Indonesia bahkan telah membuat pesawat tempur secara mandiri hanya dalam kurun waktu 10 tahun setelah merdeka. Prototipe pesawat serang antigerilya Sikumbang diuji terbang pada Agustus 1954.
Sikumbang dirancang oleh Komando Depot Perawatan Teknik Angkatan Udara Republik Indonesia, Laksamana Muda Nurtanio Pringgoadisurjo –perintis industri dirgantara Indonesia yang namanya kemudian diabadikan menjadi nama perusahaan industri pesawat terbang Indonesia, PT Industri Pesawat Terbang Nurtanio (selanjutnya berganti nama menjadi Industri Pesawat Terbang Nusantara, dan kini berubah jadi PT Dirgantara Indonesia setelah restrukturisasi)

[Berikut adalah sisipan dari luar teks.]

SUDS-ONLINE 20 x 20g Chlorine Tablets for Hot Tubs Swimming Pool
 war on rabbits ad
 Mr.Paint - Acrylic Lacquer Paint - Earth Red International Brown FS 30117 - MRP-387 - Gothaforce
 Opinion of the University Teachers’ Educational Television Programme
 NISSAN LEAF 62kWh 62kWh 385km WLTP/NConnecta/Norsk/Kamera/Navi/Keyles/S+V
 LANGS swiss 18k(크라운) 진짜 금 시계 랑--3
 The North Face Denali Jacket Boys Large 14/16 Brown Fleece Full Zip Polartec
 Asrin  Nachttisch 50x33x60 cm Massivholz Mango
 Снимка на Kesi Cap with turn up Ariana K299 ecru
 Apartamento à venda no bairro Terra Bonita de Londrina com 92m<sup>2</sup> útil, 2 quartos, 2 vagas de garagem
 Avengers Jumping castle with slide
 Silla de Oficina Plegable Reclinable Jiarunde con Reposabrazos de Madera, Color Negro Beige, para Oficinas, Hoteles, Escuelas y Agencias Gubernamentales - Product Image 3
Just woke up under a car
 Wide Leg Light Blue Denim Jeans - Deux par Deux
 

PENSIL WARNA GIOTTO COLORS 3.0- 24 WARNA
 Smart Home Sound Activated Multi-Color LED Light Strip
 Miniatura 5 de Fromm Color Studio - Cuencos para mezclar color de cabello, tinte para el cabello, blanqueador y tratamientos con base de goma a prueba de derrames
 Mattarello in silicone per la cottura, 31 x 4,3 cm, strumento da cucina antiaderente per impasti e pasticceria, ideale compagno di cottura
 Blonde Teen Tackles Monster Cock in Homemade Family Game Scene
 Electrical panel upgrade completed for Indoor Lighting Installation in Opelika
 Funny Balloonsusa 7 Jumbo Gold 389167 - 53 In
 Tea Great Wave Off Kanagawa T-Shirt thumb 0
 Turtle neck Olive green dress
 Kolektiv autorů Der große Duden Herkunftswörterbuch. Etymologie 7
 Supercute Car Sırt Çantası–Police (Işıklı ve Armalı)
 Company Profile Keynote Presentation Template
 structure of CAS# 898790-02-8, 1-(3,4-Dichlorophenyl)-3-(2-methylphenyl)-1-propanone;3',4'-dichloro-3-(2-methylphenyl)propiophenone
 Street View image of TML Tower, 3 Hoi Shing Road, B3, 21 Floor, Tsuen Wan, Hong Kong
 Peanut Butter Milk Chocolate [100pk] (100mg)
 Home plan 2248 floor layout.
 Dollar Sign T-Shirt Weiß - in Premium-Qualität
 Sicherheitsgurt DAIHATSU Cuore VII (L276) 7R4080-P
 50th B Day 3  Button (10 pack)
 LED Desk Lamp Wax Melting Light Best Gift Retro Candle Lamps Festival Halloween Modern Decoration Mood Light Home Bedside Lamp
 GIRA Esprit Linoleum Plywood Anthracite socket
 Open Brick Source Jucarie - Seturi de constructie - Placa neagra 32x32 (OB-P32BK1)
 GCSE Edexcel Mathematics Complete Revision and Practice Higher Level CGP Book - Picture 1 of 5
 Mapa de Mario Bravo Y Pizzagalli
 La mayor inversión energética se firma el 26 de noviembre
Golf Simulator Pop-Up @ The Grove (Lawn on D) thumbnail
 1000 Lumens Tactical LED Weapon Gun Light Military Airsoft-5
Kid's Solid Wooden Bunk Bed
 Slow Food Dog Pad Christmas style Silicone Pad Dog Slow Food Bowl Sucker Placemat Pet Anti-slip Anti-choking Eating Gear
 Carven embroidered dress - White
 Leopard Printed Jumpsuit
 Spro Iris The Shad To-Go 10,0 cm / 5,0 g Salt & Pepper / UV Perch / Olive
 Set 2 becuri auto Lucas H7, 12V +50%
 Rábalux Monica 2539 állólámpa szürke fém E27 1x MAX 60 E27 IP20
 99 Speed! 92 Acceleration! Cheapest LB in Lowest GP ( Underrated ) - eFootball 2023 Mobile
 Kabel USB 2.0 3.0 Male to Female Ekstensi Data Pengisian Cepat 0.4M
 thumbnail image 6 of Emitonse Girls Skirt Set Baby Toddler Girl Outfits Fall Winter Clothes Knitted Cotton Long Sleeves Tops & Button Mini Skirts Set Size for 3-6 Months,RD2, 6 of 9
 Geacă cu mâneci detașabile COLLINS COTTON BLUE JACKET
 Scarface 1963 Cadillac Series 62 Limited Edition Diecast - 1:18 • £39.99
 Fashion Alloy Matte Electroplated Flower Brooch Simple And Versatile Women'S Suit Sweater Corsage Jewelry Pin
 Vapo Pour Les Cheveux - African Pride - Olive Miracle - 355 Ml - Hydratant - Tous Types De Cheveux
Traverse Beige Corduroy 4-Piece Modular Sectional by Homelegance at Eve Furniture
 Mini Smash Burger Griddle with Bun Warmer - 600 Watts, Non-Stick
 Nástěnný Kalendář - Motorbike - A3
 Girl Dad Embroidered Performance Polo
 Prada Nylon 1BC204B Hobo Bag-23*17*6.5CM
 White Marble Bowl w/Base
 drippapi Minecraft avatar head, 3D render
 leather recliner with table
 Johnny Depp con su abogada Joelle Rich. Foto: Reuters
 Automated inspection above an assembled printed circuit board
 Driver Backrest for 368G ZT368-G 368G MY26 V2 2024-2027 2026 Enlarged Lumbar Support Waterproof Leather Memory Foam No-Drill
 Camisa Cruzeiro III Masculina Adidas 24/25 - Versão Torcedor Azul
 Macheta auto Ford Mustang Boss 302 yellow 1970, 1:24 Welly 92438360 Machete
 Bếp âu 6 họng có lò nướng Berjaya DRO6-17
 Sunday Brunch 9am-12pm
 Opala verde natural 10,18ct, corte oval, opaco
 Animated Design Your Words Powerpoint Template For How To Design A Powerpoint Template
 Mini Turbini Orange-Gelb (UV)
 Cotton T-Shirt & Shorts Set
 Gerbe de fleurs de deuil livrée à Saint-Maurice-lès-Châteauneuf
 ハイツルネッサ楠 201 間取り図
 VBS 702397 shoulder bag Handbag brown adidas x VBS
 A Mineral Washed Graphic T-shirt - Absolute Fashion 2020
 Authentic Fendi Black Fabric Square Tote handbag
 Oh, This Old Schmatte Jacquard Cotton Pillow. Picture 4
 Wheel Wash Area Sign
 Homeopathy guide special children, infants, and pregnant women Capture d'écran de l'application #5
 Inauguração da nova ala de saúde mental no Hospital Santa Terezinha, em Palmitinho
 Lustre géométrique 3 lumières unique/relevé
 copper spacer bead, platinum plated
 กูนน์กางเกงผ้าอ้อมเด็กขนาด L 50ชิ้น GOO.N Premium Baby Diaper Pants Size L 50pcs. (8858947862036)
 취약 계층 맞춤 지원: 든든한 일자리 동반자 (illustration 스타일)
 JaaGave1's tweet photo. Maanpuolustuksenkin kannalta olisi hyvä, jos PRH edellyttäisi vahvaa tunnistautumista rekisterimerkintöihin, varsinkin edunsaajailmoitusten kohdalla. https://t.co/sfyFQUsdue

Pesawat Sikumbang ketika itu bahkan diulas di majalah penerbangan Amerika Serikat, Inggris, dan Jepang.
Empat tahun setelah prototipe Sikumbang terbang, 1958, Subdepot Penyelidikan, Percobaan, dan Pembuatan AURI menerbangkan Belalang, prototipe pesawat latih dasar yang kemudian digunakan untuk mendidik calon penerbang di Akademi Angkatan Udara dan Pusat Penerbangan Angkatan Darat.
Masih pada tahun yang sama, Indonesia menerbangkan Kunang, pesawat berkursi tunggal. Seperti Sikumbang, Kunang dan Belalang pun dirancang oleh Nurtanio.
Sebelum ketiga pesawat itu, pesawat terbang bermotor WEL-X/RI-X telah lebih dulu dibuat oleh Wiweko Soepono pada 1948.
Tahun 1938 sebelum Indonesia merdeka pun, putra-putra Indonesia dipelopori Tossin membuat pesawat terbang di salah satu bengkel di Pasirkaliki, Bandung. Pesawat itu kemudian diberi nama PK.KKH.
Kepak sayap Indonesia membangun industri dirgantaranya berlanjut pada era Bacharuddin Jusuf Habibie yang pernah mengemban jabatan Presiden Direktur PT Industri Pesawat Terbang Nurtanio.
“Indonesia membuat pesawat NC-212, CN-235, N-250, dan masih banyak lagi,” kata Eris.
Proses produksi pesawat CN-235 di hanggar PT Dirgantara Indonesia, Bandung, Jawa Barat. (ANTARA/Novrian Arbi)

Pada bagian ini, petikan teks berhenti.